Approximately 30 to 50% of the ova ovulated do not result in a live piglet due to embryonic/fetal mortality during gestation in sows. Approximately 20 to 30% are lost during the first 30 days of gestation (early embryonic loss), with an additional 10 to 20% lost during the last 85 days (fetal loss) (Pope, 1994); see the figure below. The majority of early embryonic loss occurs during the period of blastocyst implantation (days 13 to 18), and this period is consequently of particular interest to researchers. Early embryonic loss is poorly understood, but a number of causes have been hypothesized. A portion of fetal loss may be due to the limited space for embryos in the uterus ("crowding"), and due to the limited capacity of the uterus to supply blood for nutrient exchange.

Where Are Potential Pigs Lost?

Early weaned sows often have a significantly increased level of early embryonic loss (Marstellar et al., 1996). Levels of progesterone (P4 ) and estrogens (particularly estradiol, E2 ) at specific periods during early gestation are critical for the development of the proper uterine environment for blastocyst implantation and for maintenance of pregnancy.

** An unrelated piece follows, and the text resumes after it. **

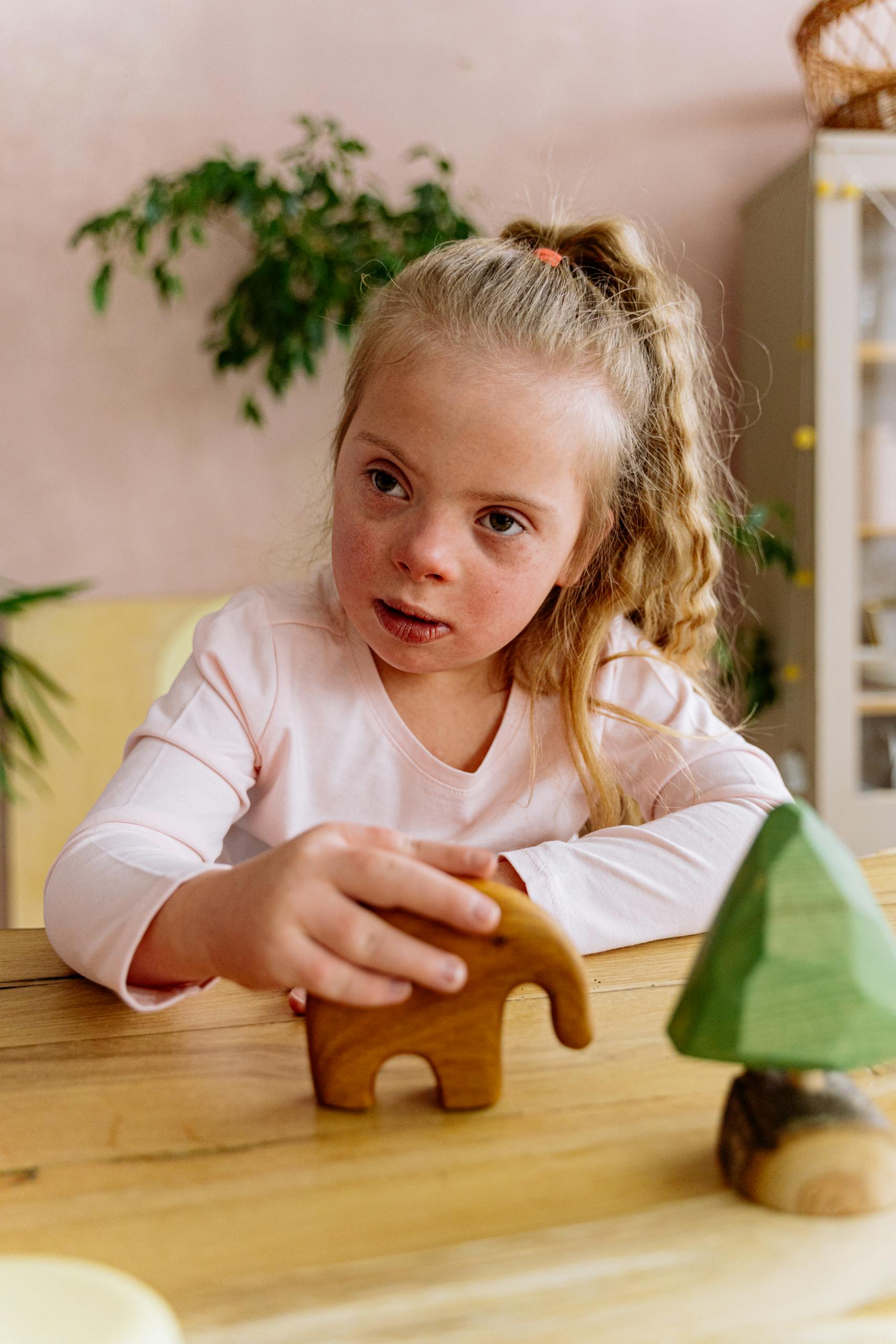 Young girl with Down Syndrome happily plays with wooden toys at a table indoors.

Some evidence suggests early-weaned sows may have altered levels of P4 and E2 during early gestation (Varley et al., 1981; Varley et al., 1984). Other studies have found no effect of lactation length on steroid hormone profiles (Kirkwood et al., 1984). Treatment of sows with exogenous steroids during implantation has significantly increased the number of live pigs at farrowing (de Sa et al., 1981; Wildt et al., 1976).

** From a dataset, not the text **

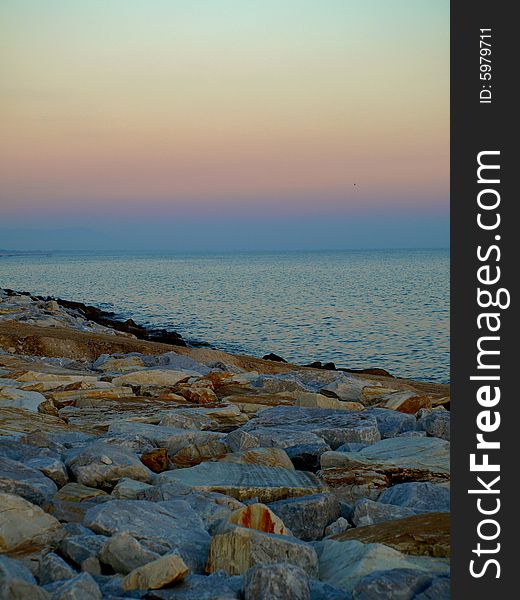 A suggestive shot of rocks and sea at the sunset hour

The objectives of this study were to assess the impact of 1) lactation length and 2) exogenous steroid treatment on embryonic survival in the sow. We also wanted to 3) determine if the increased levels of embryonic mortality observed by other researchers in early-weaned sows were related to an altered steroid profile during early gestation.

Materials and Methods

Thirty-six second parity, high lean, European sows were either early weaned (EW; 10 to 15 day lactation; n=26) or conventionally weaned (CW; 26 to 37 day lactation; n=10). They were housed in an open front building with 12' x 32' pens in groups of 8 to 10. Sows were fed 5 lb/day of a 12.6% crude protein, 0.55% lysine gestation diet. Sows were checked for signs of estrus daily with a mature boar and were mated via AI to one of two boars at the first postweaning estrus. Inseminated sows were then housed individually in 8' x 10' pens and fed 5 lb of the same gestation diet daily from day 12 postmating until slaughter. Half of the sows from each weaning group were treated daily with 2 mL IM injections of a 25 mg progesterone and 1.25 ug estradiol-17b solution (HT; n=17) in the neck at 12:00 noon on days 14 to 20 postmating. The other half of each weaning group received a daily 2 mL IM injection of the carrier solution without the steroids as a control (C; n=17). Blood samples were collected via jugular venipuncture every other day beginning the day of weaning until days 25 to 26 of gestation, between 5:00 and 6:00 p.m. Serum concentrations of progesterone were determined by radioimmunoassay (estradiol-17b and estrone sulphate are currently being measured).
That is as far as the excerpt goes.